From Tuesday (11 February) the southern Indian state has hiked prices by 15%. The decision comes weeks after United Breweries, Heineken's Indian subsidiary, briefly halted supply of its beers over pricing issues.
United Breweries announced on 8 January that it would stop supplying its beers to Telangana due to delayed payments and the government's refusal to approve higher prices since 2019/20. The company said these issues had hurt its finances.
The company resumed its supply to Telangana after a fortnight. A spokesperson for United Breweries said
at the time: “We have decided to restart our supplies… for the time being. This is an interim decision in the interest of consumers, workers and stakeholders.”
The beer giant confirmed that the interim decision was made following what it reported as “constructive” talks with the government, which has since assured it would address the pricing and dues in a “time bound manner".
United Breweries holds a commanding 70% of the beer market share in the region, suggesting it has some bargaining power when it comes to negotiating price rises.
The Telangana government took the decision to raise prices by 15% on all beer moving forward. All existing stock will also sold at the revised rates from Tuesday.
Indian states are responsible for regulating the price of alcohol products, which contributes a major part of their tax revenue. Alcohol is bought by the state government and then supplied to shops in Telangana.
Following the decision announced on Tuesday, the Brewers Association of India (BAI), a federation of some of the country's largest beer makers, said it welcomed the hike in beer prices and urged the Telangana chief minister to resolve the issue of pending dues of the beer industry.
The BAI was created by United Breweries, AB InBev and Carlsberg, which between them account for about 85% of the country’s beer sales.

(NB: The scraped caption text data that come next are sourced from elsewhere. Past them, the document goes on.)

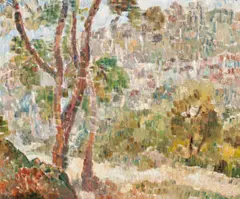 Hillside At Turramurra by Grace Cossington Smith, 1951, oil on canvas on board, sold Apr 2020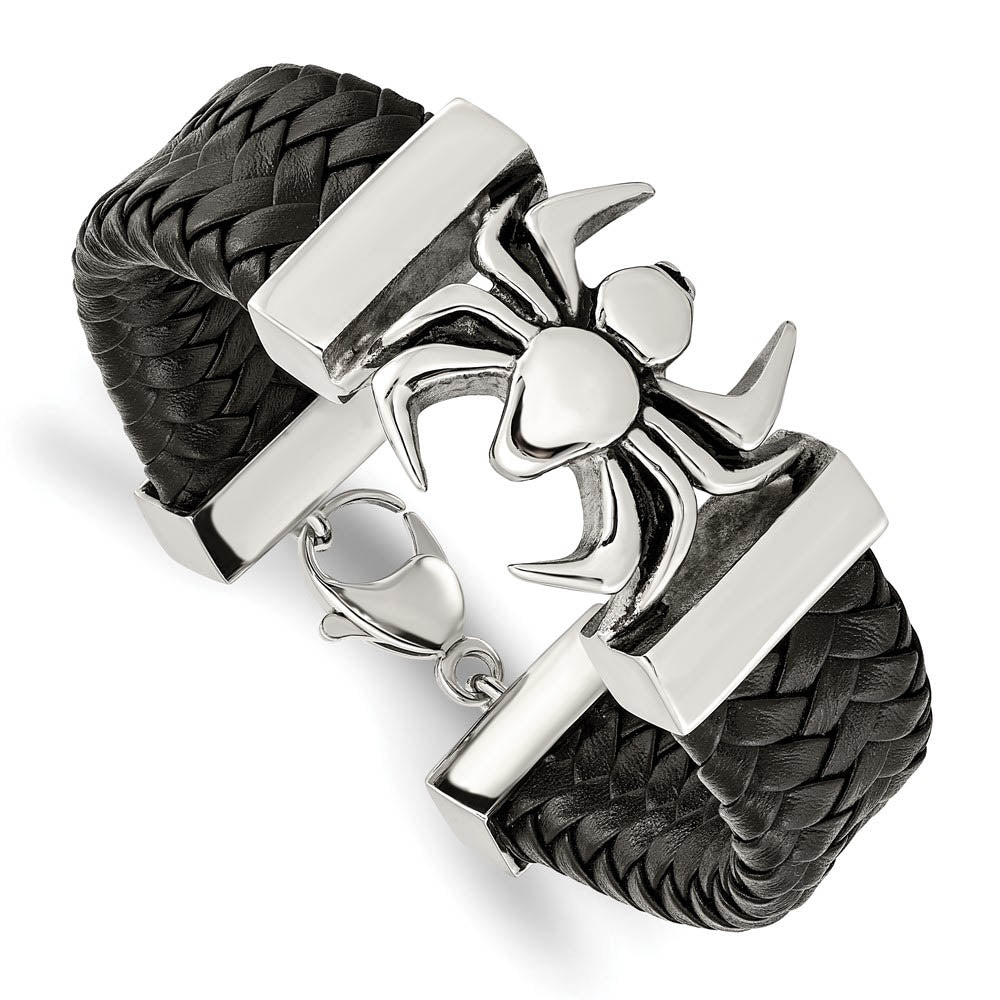 Men's Stainless Steel & Black Leather Large Spider Bracelet, 8.5 Inch, Item B18906 by The Black Bow Jewelry Co.
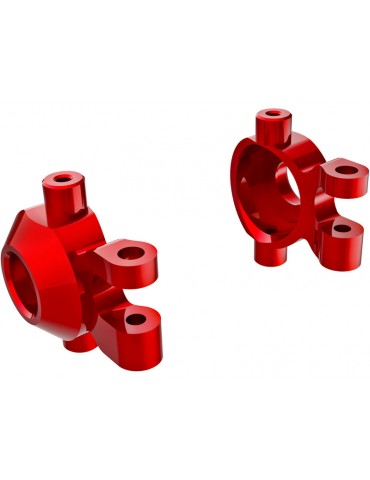Traxxas Steering blocks, 6061-T6 aluminum (red-anodized) (left & right)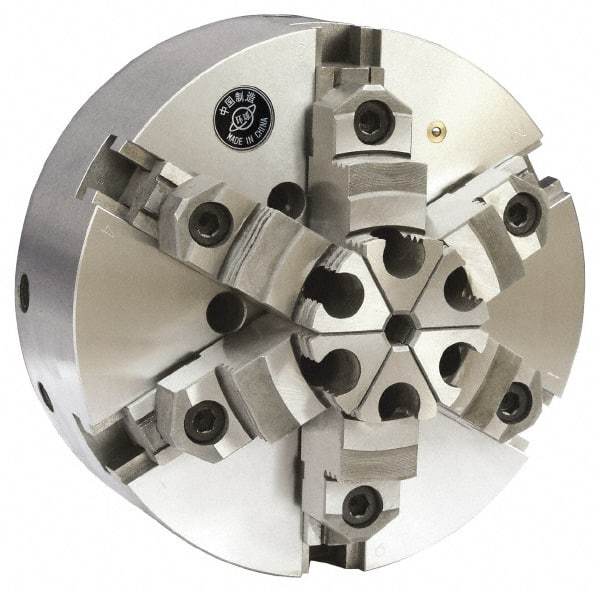 Gibraltar - 6 Jaws, 10" Diam, Self Centering Manual Lathe Chuck - Adjustable, Reversible, 2.835" Through Hole Diam, Forged Steel - Apex Tool & Supply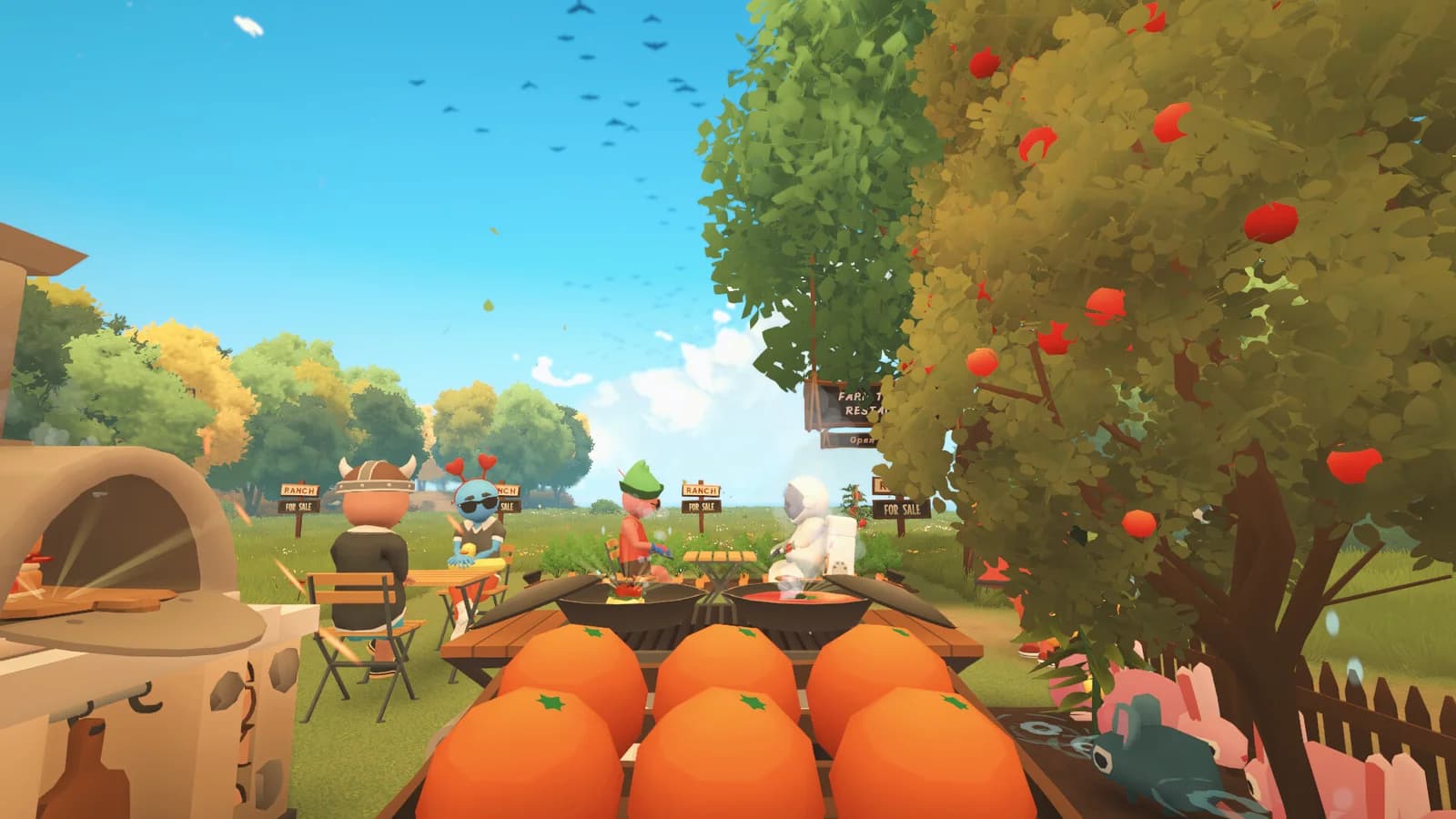 Outdoor restaurant service with cooking stations, customers and a tray of tomatoes; game screenshot supplied in the gameplay reference.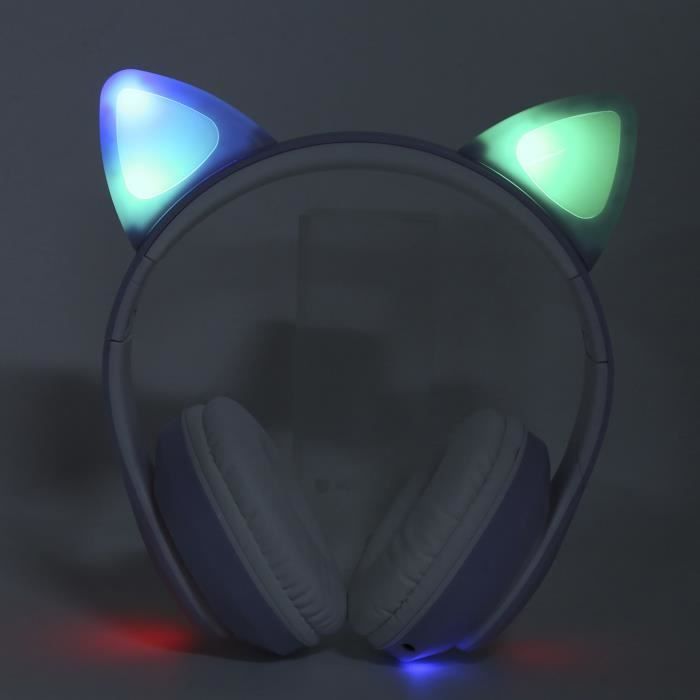 Casque Pliable Oreille de Chat Violet Casque Bluetooth Abs Oreille de Chat  Bluetooth Casque de Jeu Casque de Musique Pliable sans Fil avec Lumière LED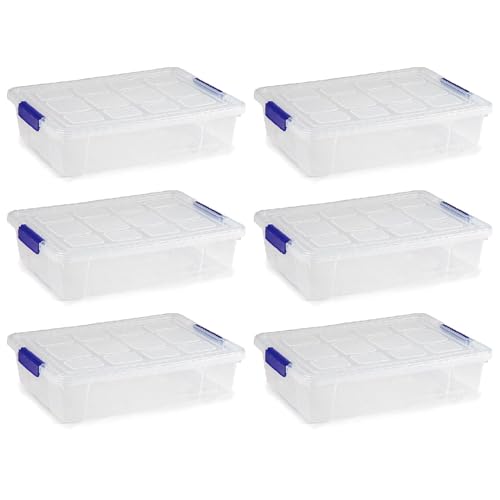 AC   Pack de 6 Cajas de ordenación de plástico Transparente. Contenedor de Almacenamiento para Guardar Libros, Ropa, Mantas   Fabricadas en España   5 litros   9 x 37 x 26 cm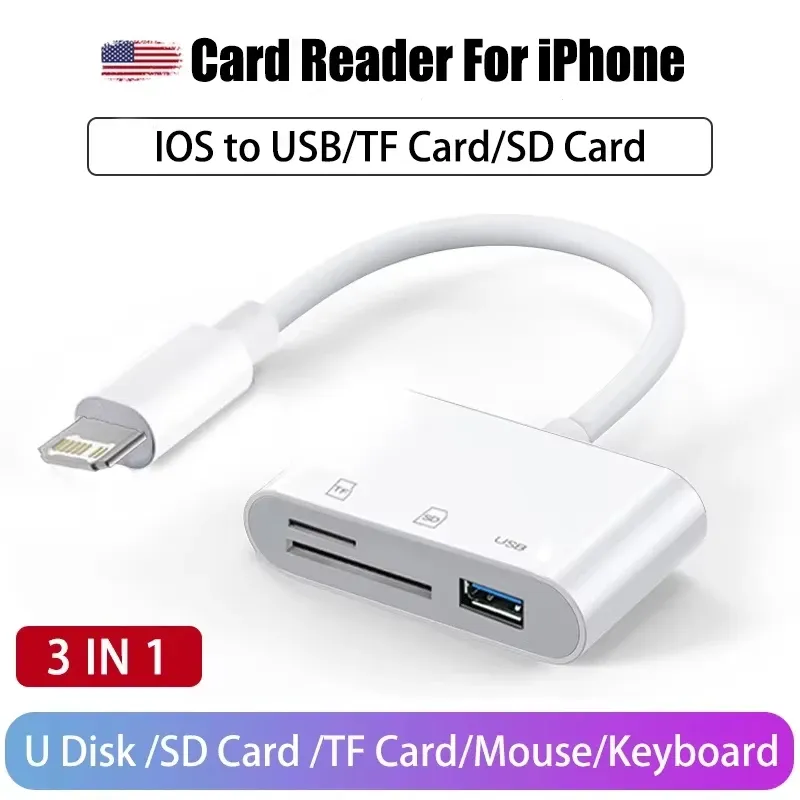 Lecteur de cartes SD et TF pour iPhone, iPad, Samsung et Xiaomi, adaptateur USB pour appareils photo et caméras de chasse 10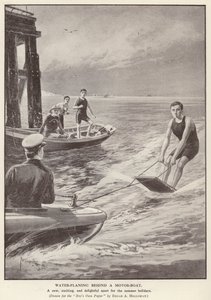 Planche à eau derrière un bateau à moteur - Edgar Alfred (after) Holloway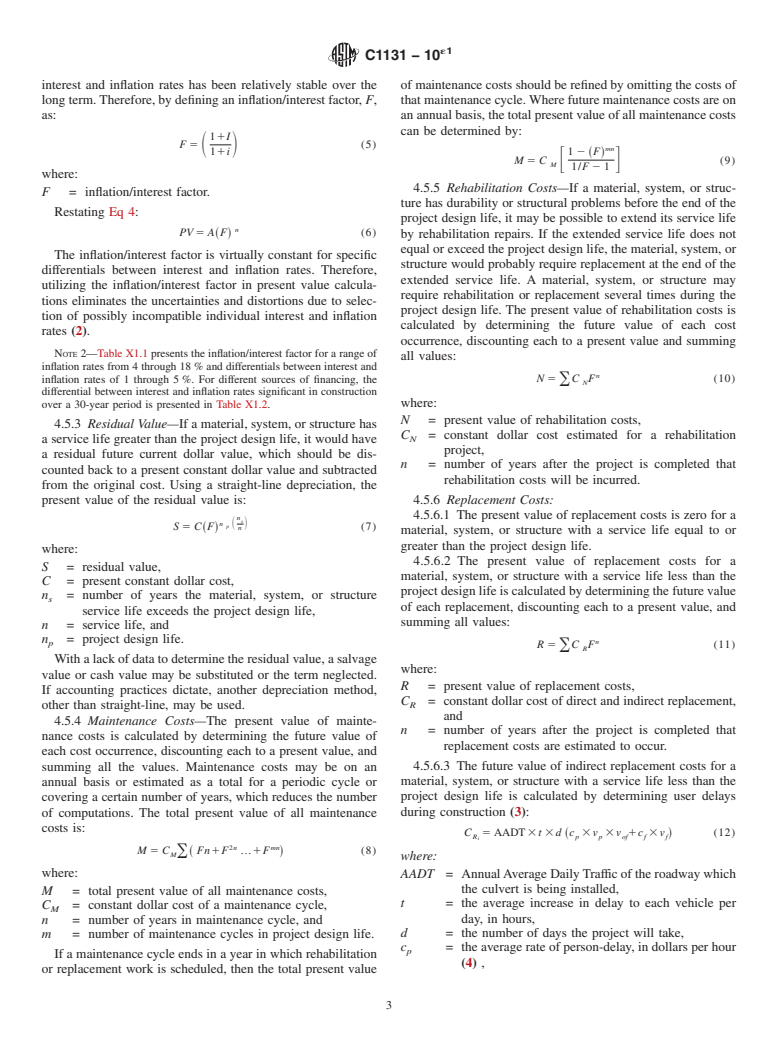 ASTM C1131-10e1 - Standard Practice for Least Cost (Life Cycle) Analysis of Concrete Culvert, Storm Sewer, and Sanitary Sewer Systems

Its first action when it launched in June 2024 was to lobby the national government in Delhi about how beer is taxed in India, a factor they argued has caused the Indian beer market to stagnate at around 400 million cases a year, despite its vast growth potential.
Vinod Giri, director general of BAI, said that the beer price hike in Telangana was below the industry's expectations and was less than the increase in production cost,
according to Reuters.
He argued that the government should allow companies to price products as they wish, citing the approach of "investment friendly" states like Katarnaka and Maharashtra as beneficial to the beer industry.